Matt Maeson (born January 17, 1993) is an American singer-songwriter and musician from Virginia Beach, Virginia, signed to Neon Gold Records and Atlantic Records.

==Early life==
Maeson was raised in Gloucester, Virginia. His parents were juvenile delinquents who later became "musicianaries", eventually playing in Christian metal bands. He was banned from listening to secular rock music on the radio until he was a teenager. Maeson started playing the guitar when he was 15. He performed at biker rallies and prisons with his parents' ministry. Maeson's uncle, who was a part of the same ministry, was murdered.

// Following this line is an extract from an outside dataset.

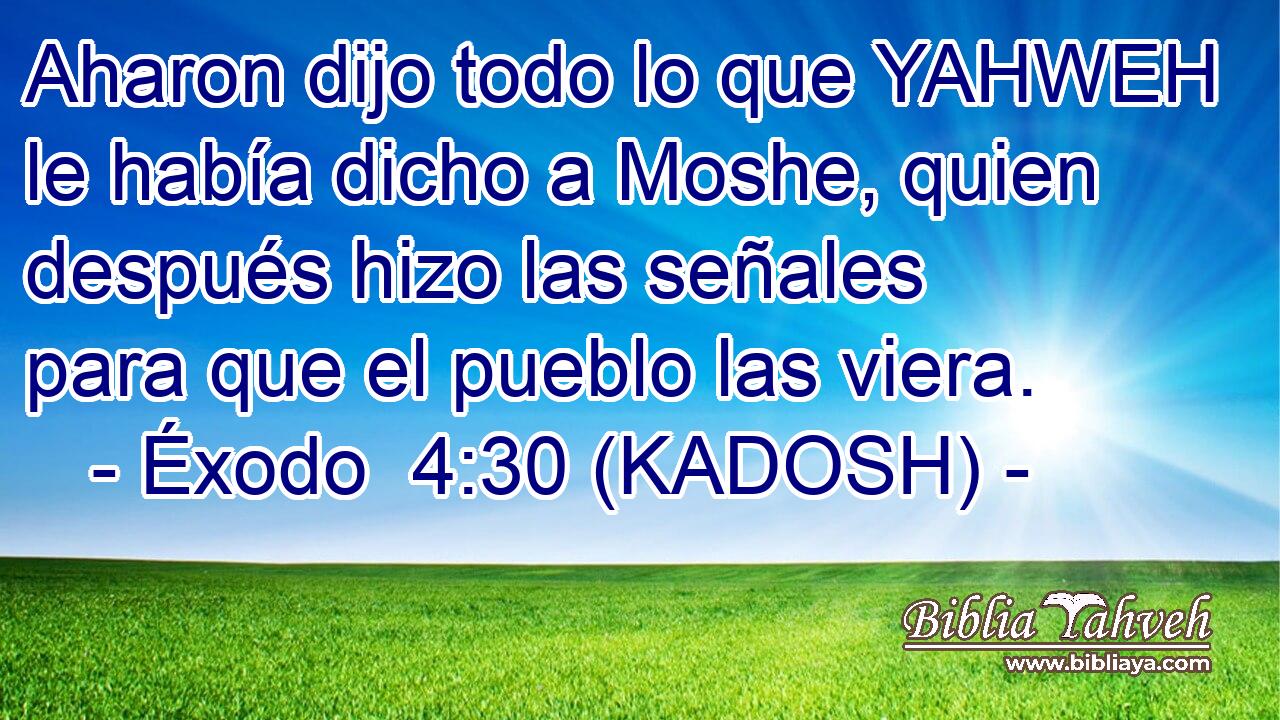  Aharon dijo todo lo que YAHWEH le había dicho a Moshe, quien después hizo las señales para que el pueblo las viera.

Maeson's forearm tattoos "Born a sinner" and "Die a martyr" are inspired by his uncle's legacy.

==Personal life==
Maeson became engaged in 2020. He and his wife have one child, a son named Joa, who was born in 2021.

==Career==
In November 2016, Maeson released his debut single "Cringe". In 2018, Maeson performed at festivals such as Bonnaroo, Lollapalooza, and Forecastle. Prior to the release of his debut album Bank on the Funeral on April 5, 2019, he released two EPs, Who Killed Matt Maeson in 2017, and The Hearse in 2018. In January 2019, his song "Cringe" reached No. 7 on the Adult Alternative Songs chart. The song later spent four weeks at No. 1 on the Billboard Alternative Songs chart in August that year, the longest running number-one single by a new artist in 2019. "Cringe" was certified gold by the RIAA on February 11, 2020. In August 2020, Maeson returned to number one on the Billboard Alternative Songs chart with "Hallucinogenics", which went on to top the Billboard Rock Airplay chart one week later. Maeson was featured in Illenium's 2021 single "Heavenly Side" from their fourth full length studio album Fallen Embers. The full studio album Never Had to Leave was released on August 26, 2022.

==Discography==
===Albums===

List of albums, with selected details and peak chart positions
| Title | Details | Peak chart positions |
US Heat.
| Bank on the Funeral | Released: April 5, 2019; Label: Neon Gold; Format: Digital download; | 10 |
| Never Had to Leave | Released: August 26, 2022; Label: Atlantic; Format: Digital download; | 25 |
| A Quiet and Harmless Living | Released: September 12, 2025; Label: Atlantic; Format: Digital download; |

===Live albums===

List of live albums with selected details
| Title | Details |
|---|---|
| That's My Cue: A Solo Experience | Released: September 27, 2024; Label: Atlantic; Format: Digital download; |

===Extended plays===

List of EPs with selected details
| Title | Details |
|---|---|
| Who Killed Matt Maeson | Released: March 31, 2017; Label: Neon Gold; Formats: Digital download, CD; |
| The Hearse | Released: April 27, 2018; Labels: Neon Gold, Atlantic; Formats: Digital download, CD; |

===Singles===

Title: Year; Peak chart positions; Certifications; Album
US Alt.: US Rock; US AAA; CAN; CAN Rock
"Cringe": 2016; 1; 3; 7; —; 12; RIAA: Platinum; MC: 2× Platinum;; Bank on the Funeral
"Go Easy": 2019; 16; 46; 31; —; 33
"Hallucinogenics": 1; 13; 2; 80; 13; RIAA: Platinum; MC: 2× Platinum;
"Nelsonwood Lane": 2021; —; —; —; —; —; Never Had To Leave
"Blood Runs Red": 2022; 22; —; 22; —; 35
"A Memory Away": —; —; —; —; —
"Problems": —; —; —; —; —
"Cut Deep": 23; —; —; —; —
"Downstairs": 2025; 1; —; 5; —; —; A Quiet and Harmless Living
"—" denotes a recording that did not chart or was not released.